[Data to use]

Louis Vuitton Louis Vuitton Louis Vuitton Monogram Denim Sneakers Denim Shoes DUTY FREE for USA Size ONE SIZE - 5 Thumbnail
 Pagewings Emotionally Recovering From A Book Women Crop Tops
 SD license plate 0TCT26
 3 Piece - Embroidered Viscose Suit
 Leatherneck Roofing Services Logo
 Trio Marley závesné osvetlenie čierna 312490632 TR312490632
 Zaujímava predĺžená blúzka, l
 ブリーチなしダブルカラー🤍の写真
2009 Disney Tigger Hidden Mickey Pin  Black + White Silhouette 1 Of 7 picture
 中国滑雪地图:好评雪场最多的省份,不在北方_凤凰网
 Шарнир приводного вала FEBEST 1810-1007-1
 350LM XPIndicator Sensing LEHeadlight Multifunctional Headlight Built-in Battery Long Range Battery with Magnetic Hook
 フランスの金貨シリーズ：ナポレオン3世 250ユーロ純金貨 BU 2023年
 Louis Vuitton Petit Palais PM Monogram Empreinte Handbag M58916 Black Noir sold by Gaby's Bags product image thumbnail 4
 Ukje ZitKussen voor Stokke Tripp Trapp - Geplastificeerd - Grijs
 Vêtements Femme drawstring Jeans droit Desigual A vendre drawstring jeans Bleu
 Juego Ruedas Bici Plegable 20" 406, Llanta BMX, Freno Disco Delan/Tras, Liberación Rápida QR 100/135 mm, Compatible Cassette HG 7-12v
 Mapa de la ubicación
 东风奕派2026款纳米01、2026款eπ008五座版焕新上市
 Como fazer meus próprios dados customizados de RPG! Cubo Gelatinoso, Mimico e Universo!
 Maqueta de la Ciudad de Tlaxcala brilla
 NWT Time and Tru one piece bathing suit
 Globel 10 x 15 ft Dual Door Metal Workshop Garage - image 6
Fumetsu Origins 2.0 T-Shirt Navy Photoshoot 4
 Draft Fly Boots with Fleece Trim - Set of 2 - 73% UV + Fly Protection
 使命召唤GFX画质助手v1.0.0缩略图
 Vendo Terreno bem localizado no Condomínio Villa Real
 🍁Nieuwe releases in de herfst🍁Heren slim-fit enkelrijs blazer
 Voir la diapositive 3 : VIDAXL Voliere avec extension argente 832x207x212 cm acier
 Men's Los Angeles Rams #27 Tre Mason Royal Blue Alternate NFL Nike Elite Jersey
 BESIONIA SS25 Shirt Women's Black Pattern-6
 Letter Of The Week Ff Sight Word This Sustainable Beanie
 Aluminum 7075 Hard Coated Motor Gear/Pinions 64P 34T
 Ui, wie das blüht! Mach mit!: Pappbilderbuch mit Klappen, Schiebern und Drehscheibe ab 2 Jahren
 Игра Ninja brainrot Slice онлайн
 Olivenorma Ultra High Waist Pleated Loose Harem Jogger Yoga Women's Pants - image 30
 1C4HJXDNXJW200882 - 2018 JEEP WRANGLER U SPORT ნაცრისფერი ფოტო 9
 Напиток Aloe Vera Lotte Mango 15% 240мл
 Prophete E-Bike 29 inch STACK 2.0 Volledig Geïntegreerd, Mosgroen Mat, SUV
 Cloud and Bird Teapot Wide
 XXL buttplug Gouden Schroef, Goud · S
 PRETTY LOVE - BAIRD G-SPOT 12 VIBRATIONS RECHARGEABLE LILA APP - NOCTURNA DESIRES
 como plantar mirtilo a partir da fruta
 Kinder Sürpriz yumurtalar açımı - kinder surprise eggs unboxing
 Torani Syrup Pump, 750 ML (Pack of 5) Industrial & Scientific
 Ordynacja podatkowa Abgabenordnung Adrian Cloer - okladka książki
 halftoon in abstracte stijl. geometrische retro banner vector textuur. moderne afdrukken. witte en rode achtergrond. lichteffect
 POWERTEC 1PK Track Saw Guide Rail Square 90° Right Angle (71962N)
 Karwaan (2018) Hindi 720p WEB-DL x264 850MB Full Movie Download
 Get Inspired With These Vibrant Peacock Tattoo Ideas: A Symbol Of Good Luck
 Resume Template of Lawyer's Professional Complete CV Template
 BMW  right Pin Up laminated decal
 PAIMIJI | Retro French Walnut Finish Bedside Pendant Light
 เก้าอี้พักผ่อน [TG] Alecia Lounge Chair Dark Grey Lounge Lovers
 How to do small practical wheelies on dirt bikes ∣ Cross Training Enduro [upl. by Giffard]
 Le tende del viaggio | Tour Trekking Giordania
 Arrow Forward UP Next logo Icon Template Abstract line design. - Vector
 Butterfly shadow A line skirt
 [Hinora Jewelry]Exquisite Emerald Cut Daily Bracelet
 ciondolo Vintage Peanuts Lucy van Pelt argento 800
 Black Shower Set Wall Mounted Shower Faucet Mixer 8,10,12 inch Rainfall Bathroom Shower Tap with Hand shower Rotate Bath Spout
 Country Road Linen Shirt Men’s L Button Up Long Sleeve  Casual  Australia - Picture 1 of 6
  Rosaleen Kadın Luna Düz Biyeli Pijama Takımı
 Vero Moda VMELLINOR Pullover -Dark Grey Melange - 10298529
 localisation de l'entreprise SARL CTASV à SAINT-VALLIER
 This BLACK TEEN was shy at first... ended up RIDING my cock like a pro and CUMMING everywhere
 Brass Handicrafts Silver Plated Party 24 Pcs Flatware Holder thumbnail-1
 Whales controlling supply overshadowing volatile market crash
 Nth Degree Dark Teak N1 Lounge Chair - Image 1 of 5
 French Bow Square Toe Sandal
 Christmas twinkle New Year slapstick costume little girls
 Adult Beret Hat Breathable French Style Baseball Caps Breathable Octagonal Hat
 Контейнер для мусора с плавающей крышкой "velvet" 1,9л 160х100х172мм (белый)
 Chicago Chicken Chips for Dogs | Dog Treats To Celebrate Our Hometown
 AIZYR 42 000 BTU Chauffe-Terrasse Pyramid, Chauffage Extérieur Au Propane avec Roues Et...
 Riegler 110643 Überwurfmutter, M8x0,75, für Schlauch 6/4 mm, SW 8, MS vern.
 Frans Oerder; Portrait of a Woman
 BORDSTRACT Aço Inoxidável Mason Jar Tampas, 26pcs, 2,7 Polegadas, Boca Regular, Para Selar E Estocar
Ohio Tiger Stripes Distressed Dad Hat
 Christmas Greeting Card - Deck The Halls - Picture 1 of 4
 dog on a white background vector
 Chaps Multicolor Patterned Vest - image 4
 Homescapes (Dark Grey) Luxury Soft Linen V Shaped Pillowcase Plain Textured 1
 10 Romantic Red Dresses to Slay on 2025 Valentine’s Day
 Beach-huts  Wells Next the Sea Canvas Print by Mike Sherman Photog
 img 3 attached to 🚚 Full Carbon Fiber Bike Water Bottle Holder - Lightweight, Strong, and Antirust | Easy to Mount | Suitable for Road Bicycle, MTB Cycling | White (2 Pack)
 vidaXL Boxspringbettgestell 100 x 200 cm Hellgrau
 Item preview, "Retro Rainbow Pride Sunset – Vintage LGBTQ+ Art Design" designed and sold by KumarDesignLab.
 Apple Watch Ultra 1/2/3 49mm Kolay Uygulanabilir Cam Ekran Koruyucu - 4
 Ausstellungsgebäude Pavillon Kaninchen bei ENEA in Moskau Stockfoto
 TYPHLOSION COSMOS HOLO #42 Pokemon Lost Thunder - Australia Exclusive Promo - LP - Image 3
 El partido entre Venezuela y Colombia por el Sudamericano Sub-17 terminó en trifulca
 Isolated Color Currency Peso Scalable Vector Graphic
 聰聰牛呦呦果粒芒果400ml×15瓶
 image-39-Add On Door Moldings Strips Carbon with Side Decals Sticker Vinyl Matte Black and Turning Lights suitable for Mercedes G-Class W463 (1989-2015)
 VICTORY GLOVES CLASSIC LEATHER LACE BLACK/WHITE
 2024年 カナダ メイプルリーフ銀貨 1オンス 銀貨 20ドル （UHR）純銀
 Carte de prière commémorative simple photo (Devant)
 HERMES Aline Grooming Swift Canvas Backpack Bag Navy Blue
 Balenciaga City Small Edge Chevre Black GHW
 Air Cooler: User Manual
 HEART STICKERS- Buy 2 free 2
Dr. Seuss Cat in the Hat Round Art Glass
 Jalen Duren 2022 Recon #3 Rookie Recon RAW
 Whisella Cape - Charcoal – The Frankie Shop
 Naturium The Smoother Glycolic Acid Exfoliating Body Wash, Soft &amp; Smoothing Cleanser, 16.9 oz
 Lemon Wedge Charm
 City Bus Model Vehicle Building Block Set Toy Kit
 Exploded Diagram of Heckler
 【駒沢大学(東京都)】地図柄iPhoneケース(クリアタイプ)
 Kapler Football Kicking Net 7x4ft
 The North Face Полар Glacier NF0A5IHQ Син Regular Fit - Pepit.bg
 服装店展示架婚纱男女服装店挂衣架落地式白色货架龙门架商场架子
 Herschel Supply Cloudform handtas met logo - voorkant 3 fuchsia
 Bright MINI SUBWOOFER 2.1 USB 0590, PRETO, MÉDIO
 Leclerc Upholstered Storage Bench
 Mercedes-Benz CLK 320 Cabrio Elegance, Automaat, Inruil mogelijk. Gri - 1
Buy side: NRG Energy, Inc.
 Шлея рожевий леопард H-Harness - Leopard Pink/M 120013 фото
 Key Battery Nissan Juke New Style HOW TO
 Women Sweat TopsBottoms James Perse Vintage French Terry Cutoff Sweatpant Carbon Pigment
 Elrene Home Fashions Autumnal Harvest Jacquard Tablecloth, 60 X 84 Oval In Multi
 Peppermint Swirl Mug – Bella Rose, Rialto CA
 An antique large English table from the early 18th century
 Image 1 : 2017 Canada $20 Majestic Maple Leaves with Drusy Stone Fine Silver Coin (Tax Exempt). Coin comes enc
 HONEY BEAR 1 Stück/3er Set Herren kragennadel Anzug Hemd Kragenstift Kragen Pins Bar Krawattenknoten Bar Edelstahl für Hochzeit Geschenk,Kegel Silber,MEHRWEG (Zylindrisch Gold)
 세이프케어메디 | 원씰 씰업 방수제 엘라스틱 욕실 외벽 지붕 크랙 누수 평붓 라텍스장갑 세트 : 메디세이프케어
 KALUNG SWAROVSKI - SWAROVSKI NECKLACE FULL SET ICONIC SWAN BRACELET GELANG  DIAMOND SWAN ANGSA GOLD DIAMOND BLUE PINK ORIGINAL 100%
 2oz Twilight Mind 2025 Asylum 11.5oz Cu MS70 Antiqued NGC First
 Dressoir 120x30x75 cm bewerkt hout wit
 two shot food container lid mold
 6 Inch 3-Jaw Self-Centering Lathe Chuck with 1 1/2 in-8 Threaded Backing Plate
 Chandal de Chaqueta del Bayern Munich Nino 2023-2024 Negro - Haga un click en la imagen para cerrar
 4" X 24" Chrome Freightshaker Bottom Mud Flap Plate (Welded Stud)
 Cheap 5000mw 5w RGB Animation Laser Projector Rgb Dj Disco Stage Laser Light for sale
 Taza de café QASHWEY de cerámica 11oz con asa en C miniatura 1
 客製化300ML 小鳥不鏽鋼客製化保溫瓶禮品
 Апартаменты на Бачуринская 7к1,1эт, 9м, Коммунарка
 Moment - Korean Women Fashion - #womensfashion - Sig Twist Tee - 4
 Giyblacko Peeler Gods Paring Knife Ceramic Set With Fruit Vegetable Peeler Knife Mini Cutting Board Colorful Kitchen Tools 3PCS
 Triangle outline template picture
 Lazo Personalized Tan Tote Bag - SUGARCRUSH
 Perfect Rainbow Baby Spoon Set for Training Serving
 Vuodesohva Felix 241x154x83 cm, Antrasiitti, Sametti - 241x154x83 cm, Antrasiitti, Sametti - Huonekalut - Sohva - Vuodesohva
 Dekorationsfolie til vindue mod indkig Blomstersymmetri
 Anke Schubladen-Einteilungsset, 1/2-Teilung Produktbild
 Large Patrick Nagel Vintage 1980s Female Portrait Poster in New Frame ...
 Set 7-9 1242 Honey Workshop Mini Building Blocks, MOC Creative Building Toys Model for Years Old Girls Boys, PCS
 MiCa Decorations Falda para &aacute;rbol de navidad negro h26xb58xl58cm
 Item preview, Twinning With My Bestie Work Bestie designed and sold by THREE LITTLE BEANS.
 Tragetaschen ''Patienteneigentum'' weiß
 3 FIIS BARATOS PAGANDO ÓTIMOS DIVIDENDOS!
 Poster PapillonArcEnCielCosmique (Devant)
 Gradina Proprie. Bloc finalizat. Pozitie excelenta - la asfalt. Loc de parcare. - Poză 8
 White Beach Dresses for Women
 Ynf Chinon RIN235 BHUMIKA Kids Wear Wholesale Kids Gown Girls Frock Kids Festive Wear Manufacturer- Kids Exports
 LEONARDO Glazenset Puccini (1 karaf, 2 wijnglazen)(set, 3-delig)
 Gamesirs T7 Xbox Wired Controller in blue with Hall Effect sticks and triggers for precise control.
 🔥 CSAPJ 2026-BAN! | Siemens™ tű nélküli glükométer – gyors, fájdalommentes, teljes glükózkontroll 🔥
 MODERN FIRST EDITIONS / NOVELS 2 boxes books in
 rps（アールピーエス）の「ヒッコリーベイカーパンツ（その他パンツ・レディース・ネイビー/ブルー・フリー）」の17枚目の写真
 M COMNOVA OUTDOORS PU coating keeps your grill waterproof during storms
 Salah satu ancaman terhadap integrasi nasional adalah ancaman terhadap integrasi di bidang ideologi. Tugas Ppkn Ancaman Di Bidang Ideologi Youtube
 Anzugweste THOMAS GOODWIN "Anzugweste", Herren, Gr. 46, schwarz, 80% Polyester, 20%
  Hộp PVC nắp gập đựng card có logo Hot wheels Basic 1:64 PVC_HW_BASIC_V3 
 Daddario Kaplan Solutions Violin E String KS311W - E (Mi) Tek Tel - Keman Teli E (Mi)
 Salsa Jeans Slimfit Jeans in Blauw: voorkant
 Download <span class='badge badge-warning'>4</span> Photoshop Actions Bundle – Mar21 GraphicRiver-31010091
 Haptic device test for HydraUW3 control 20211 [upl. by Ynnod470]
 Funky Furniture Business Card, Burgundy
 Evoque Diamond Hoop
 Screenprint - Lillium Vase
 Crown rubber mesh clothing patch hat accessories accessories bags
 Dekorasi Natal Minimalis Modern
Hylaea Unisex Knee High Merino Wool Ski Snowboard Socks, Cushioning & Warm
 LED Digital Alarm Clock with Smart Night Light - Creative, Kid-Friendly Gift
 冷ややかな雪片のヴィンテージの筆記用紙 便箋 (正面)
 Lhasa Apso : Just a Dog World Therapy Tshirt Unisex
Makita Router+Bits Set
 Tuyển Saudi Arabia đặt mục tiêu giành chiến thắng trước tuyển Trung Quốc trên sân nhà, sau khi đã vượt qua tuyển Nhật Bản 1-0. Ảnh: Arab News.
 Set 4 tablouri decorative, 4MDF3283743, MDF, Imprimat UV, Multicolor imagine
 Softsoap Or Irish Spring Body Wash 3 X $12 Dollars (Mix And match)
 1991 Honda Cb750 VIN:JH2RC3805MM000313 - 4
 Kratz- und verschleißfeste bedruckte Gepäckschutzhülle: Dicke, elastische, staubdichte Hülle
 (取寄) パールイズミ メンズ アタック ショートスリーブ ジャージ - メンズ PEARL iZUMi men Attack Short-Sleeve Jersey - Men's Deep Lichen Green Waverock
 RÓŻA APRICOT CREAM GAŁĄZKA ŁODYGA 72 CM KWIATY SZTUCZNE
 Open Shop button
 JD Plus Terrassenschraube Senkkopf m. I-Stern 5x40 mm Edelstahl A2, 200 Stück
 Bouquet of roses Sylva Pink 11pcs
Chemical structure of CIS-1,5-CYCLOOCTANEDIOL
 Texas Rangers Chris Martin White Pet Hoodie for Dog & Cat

[/Data to use]

§ **Work instruction**: Of the entries above, tally the lines with "This" in them. Only the total should be given.

§ **Response area**: 2